Marcus nickte nur und ließ das Thema erstmal auf sich beruhen. Denn als er dem anderen zugehörte hatte, hatte sich unwillkürlich sein Magen zusammen gezogen. Er wusste nicht genau, wie er sich Esca´s Reaktion vorgestellt hatte. Allerdings hatte er gehofft, dass es auch für ihn mehr wäre, als nur die Einhaltung eines Schwures.

Esca beobachte genau das Gesicht seines Gegenübers, als er mit diesem gesprochen hatte. Dadurch entging ihm nicht die Enttäuschung auf dessen Gesicht nicht, die seinen Worten folgten. Sollte Marcus wirklich mehr Gefühle für ihn haben, als nur die eines Römers zu seinem Sklaven? Aber als er so darüber nachdachte, Marcus hatte ihn noch nie wie einen Sklaven behandelt. Zuerst wusste er nicht so recht, was er mit seinem neuen Leibsklaven anfangen sollte und spätestens seitdem er die Splitter aus dem Bein gezogen wurden, behandelte er den Britannier nicht mehr wie einen Sklaven, sondern eher wie einen Freund. Aber sollte aus die dieser Beziehung nun wirklich mehr geworden sein?

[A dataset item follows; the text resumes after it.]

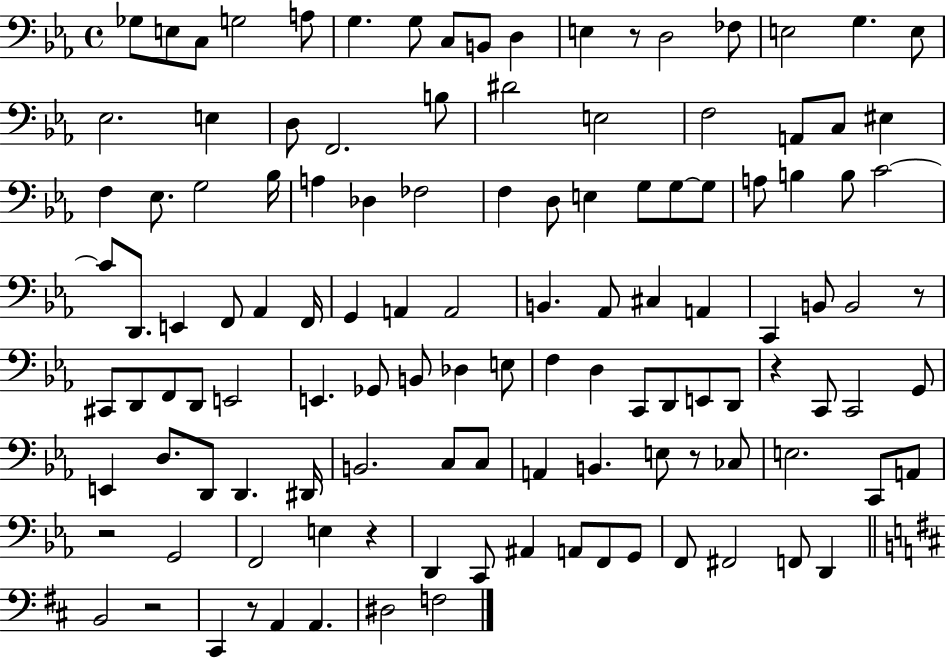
Gb3/e E3/e C3/e G3/h A3/e G3/q. G3/e C3/e B2/e D3/q E3/q R/e D3/h FES3/e E3/h G3/q. E3/e Eb3/h. E3/q D3/e F2/h. B3/e D#4/h E3/h F3/h A2/e C3/e EIS3/q F3/q Eb3/e. G3/h Bb3/s A3/q Db3/q FES3/h F3/q D3/e E3/q G3/e G3/e G3/e A3/e B3/q B3/e C4/h C4/e D2/e. E2/q F2/e Ab2/q F2/s G2/q A2/q A2/h B2/q. Ab2/e C#3/q A2/q C2/q B2/e B2/h R/e C#2/e D2/e F2/e D2/e E2/h E2/q. Gb2/e B2/e Db3/q E3/e F3/q D3/q C2/e D2/e E2/e D2/e R/q C2/e C2/h G2/e E2/q D3/e. D2/e D2/q. D#2/s B2/h. C3/e C3/e A2/q B2/q. E3/e R/e CES3/e E3/h. C2/e A2/e R/h G2/h F2/h E3/q R/q D2/q C2/e A#2/q A2/e F2/e G2/e F2/e F#2/h F2/e D2/q B2/h R/h C#2/q R/e A2/q A2/q. D#3/h F3/h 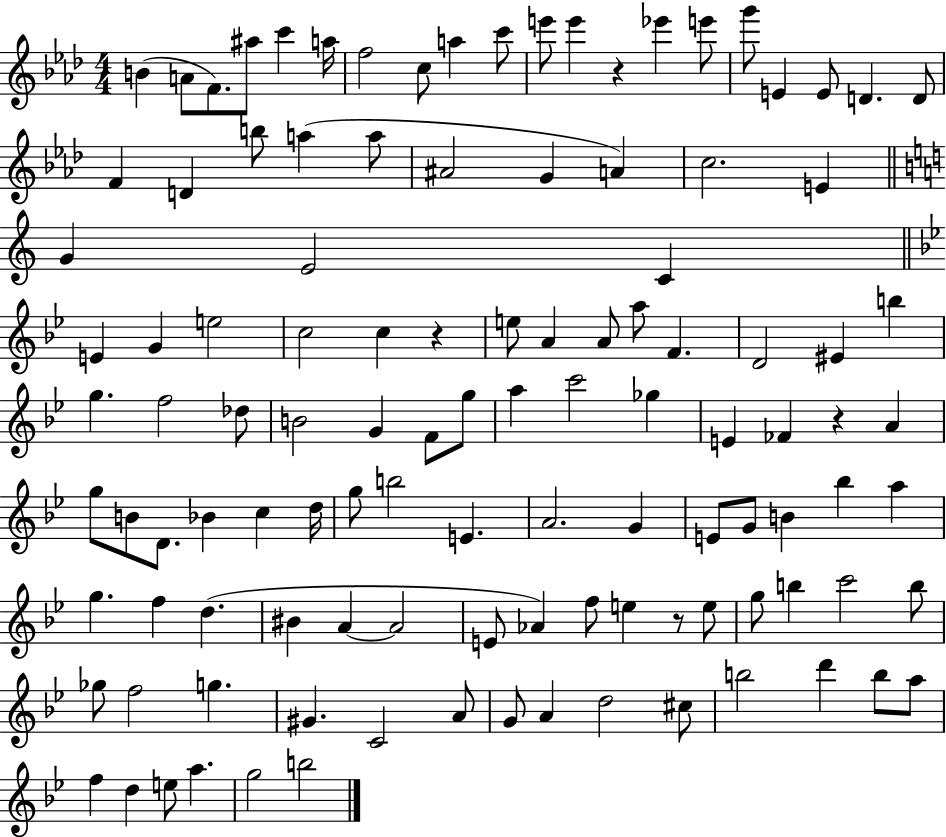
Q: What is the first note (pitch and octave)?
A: B4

Bevor Esca dazu kam, diesen Gedanken wieder zu verfolgen, wurde er aus seinen Überlegungen gerissen, denn Marcus war bereits dabei, mit seinem Pferd die Höhle zu verlassen. Schnell folgte er dem Römer und sie machten sich wieder auf den Weg. Gegen Mittag erreichten sie den höchsten Punkt des Berges und danach ging es wieder bergab.

Da Esca, wie schon in den letzten Tagen, vorausritt, hatte Marcus Zeit, um Nachzudenken. War das, was sie letzte Nacht teilten, nur eine körperliche Reaktion darauf, dass er schon lange mit keiner Frau mehr das Bett geteilt hatte? Oder hatte sich die Beziehung zwischen ihm und dem Britannier etwas verändert? Denn er hatte bis jetzt alles in seinem Leben mit Mund und Vertrauen auf die Götter gemeistert und nun hatte er Angst vor der Zurückweisung einer anderen Person?

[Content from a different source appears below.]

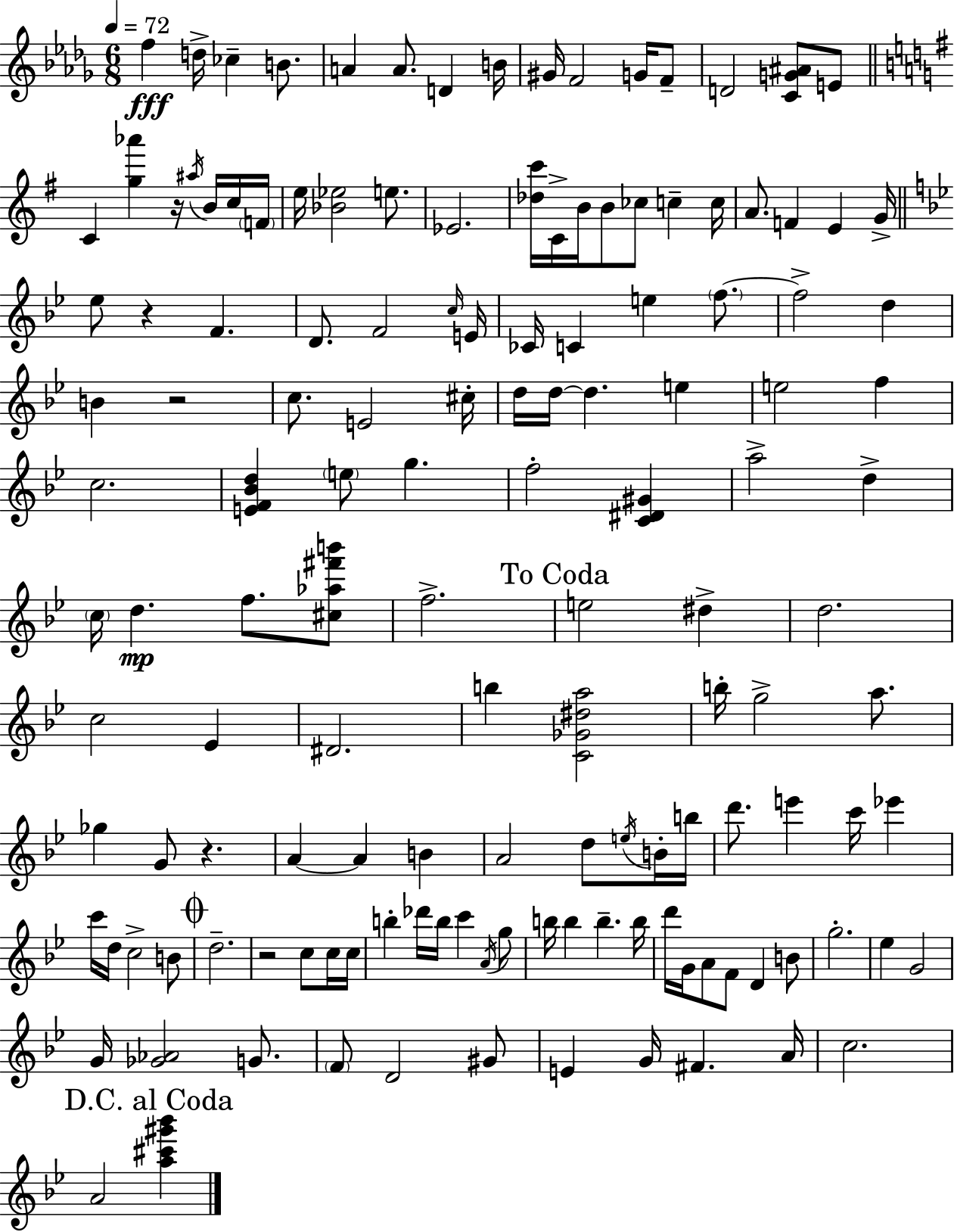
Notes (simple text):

F5/q D5/s CES5/q B4/e. A4/q A4/e. D4/q B4/s G#4/s F4/h G4/s F4/e D4/h [C4,G4,A#4]/e E4/e C4/q [G5,Ab6]/q R/s A#5/s B4/s C5/s F4/s E5/s [Bb4,Eb5]/h E5/e. Eb4/h. [Db5,C6]/s C4/s B4/s B4/e CES5/e C5/q C5/s A4/e. F4/q E4/q G4/s Eb5/e R/q F4/q. D4/e. F4/h C5/s E4/s CES4/s C4/q E5/q F5/e. F5/h D5/q B4/q R/h C5/e. E4/h C#5/s D5/s D5/s D5/q. E5/q E5/h F5/q C5/h. [E4,F4,Bb4,D5]/q E5/e G5/q. F5/h [C4,D#4,G#4]/q A5/h D5/q C5/s D5/q. F5/e. [C#5,Ab5,F#6,B6]/e F5/h. E5/h D#5/q D5/h. C5/h Eb4/q D#4/h. B5/q [C4,Gb4,D#5,A5]/h B5/s G5/h A5/e. Gb5/q G4/e R/q. A4/q A4/q B4/q A4/h D5/e E5/s B4/s B5/s D6/e. E6/q C6/s Eb6/q C6/s D5/s C5/h B4/e D5/h. R/h C5/e C5/s C5/s B5/q Db6/s B5/s C6/q A4/s G5/e B5/s B5/q B5/q. B5/s D6/s G4/s A4/e F4/e D4/q B4/e G5/h. Eb5/q G4/h G4/s [Gb4,Ab4]/h G4/e. F4/e D4/h G#4/e E4/q G4/s F#4/q. A4/s C5/h. A4/h [A5,C#6,G#6,Bb6]/q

Kurz vor Sonnenuntergang fanden sie eine kleine Höhle, wo sie die Nacht verbringen konnten. Nachdem sie die Pferde versorgt hatten, entfachte Esca ein Feuer und die beiden teilten sie die Vorräte. Nach dem Essen packte Esca die Decken aus und die beiden Gefährten legten sie sich in eine Ecke zusammen darunter.

Unwillkürlich zog Marcus den anderen an sich, so dass Esca´s nackter Rücken direkt an Marcus Brust gepresst war. Das lag allerdings nicht an der Kälte, was er sich allerdings nicht eingestehen wollte. Also versuchte er nun, einzuschlafen und seine Gefühle zu verdrängen. Esca dagegen war zu dem Entschluss gekommen, herauszufinden, was er für den anderen empfand und was dieser für ihn. Allerdings ließ es sein Stolz nicht zu, dass er tatenlos beobachtete, was der andere als nächstes vor hatte, also ergriff er die initiative.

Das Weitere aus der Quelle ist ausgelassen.